++++ DATA PROVIDED ++++
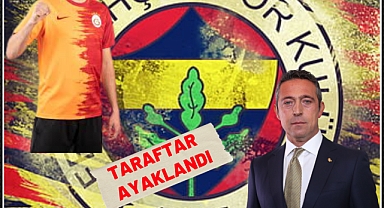 Fenerbahçe'den Galatasaray'a Transfer Çalımı!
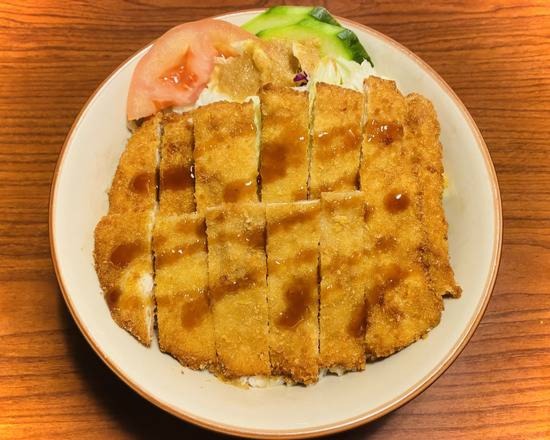 Tonkatsu Don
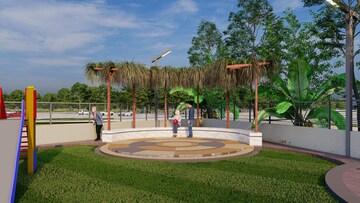  Plot – Garden View at Shivdaspura - for Sale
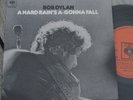 Bob Dylan Hard Rains a Gonna fall OZ 70s 4 trk EP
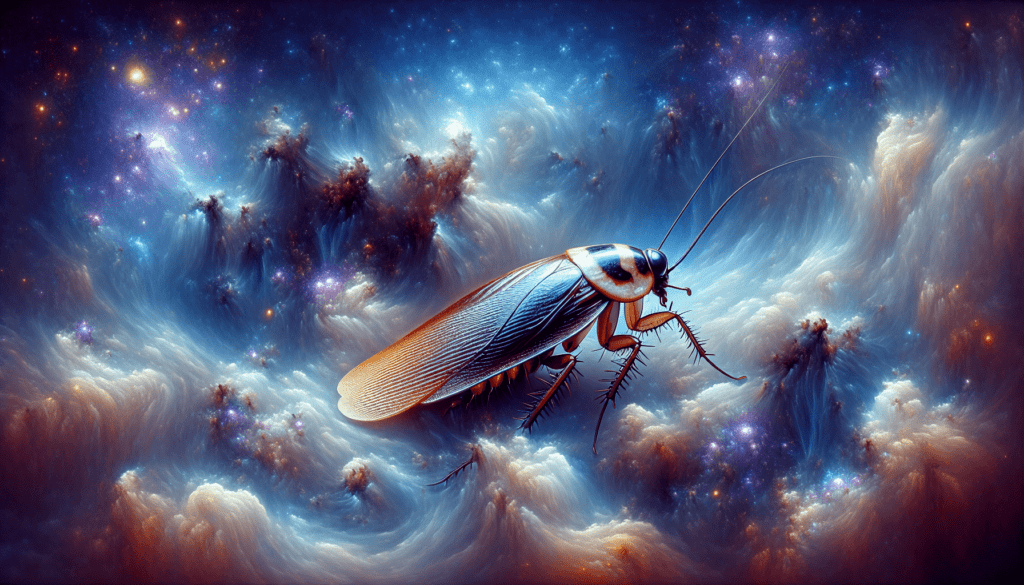 Dreams About Roaches – Meaning And Interpretation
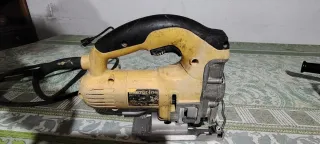 Kit radial y sierra de calar Dewalt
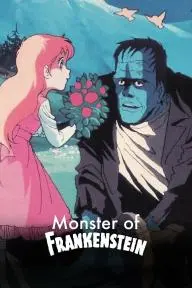 Monster of Frankenstein_peliplat
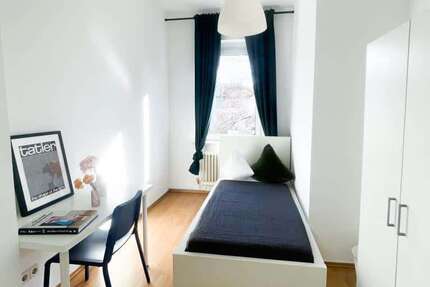WG-Zimmer in Berlin 600 € 9 m² zimmer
++++
**INSTRUCTIONS FOR THE TASK**
From the first line to the last, reproduce the records above exactly and skip the pictures.

**ANSWER AREA**
 Fenerbahçe'den Galatasaray'a Transfer Çalımı!
 Tonkatsu Don
  Plot – Garden View at Shivdaspura - for Sale
 Bob Dylan Hard Rains a Gonna fall OZ 70s 4 trk EP
 Dreams About Roaches – Meaning And Interpretation
 Kit radial y sierra de calar Dewalt
 Monster of Frankenstein_peliplat
WG-Zimmer in Berlin 600 € 9 m² zimmer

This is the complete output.